> _Dataset records_
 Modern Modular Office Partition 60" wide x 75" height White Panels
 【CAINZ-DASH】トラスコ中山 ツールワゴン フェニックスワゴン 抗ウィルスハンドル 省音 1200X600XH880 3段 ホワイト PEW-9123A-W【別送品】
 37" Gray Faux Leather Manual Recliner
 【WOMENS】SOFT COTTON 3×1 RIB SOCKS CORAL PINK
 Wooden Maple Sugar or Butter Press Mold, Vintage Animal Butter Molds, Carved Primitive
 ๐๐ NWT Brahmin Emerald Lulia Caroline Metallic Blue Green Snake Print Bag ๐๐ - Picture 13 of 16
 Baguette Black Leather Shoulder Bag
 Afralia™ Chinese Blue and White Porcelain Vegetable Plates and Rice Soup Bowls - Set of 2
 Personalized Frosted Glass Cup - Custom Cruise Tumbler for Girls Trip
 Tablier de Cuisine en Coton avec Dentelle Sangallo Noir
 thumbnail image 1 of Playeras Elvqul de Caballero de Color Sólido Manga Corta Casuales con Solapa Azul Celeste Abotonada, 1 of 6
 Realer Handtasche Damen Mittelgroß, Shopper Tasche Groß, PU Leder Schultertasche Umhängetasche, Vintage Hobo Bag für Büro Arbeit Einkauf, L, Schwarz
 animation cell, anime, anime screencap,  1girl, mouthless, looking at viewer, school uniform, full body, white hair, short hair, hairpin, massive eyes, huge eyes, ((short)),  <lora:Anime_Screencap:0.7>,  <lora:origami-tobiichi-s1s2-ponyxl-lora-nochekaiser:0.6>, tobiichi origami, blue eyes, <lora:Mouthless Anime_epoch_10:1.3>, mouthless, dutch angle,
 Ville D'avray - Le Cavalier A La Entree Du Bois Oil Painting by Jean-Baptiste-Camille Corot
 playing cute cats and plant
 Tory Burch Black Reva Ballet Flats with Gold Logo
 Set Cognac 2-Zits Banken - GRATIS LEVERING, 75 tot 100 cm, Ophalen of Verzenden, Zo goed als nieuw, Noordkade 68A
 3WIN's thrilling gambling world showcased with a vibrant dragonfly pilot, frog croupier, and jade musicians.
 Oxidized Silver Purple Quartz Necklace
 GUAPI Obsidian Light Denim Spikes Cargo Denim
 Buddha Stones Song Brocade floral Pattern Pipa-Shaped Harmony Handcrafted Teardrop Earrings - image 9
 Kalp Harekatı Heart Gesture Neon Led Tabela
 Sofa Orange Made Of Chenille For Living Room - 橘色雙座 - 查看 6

> _What you have to do_
When you reach the line that holds "Tory Burch Black", please copy it and every line after it through the end of the listing, exactly and with no other lines.

> _Result of the task_
 Tory Burch Black Reva Ballet Flats with Gold Logo
 Set Cognac 2-Zits Banken - GRATIS LEVERING, 75 tot 100 cm, Ophalen of Verzenden, Zo goed als nieuw, Noordkade 68A
 3WIN's thrilling gambling world showcased with a vibrant dragonfly pilot, frog croupier, and jade musicians.
 Oxidized Silver Purple Quartz Necklace
 GUAPI Obsidian Light Denim Spikes Cargo Denim
 Buddha Stones Song Brocade floral Pattern Pipa-Shaped Harmony Handcrafted Teardrop Earrings - image 9
 Kalp Harekatı Heart Gesture Neon Led Tabela
 Sofa Orange Made Of Chenille For Living Room - 橘色雙座 - 查看 6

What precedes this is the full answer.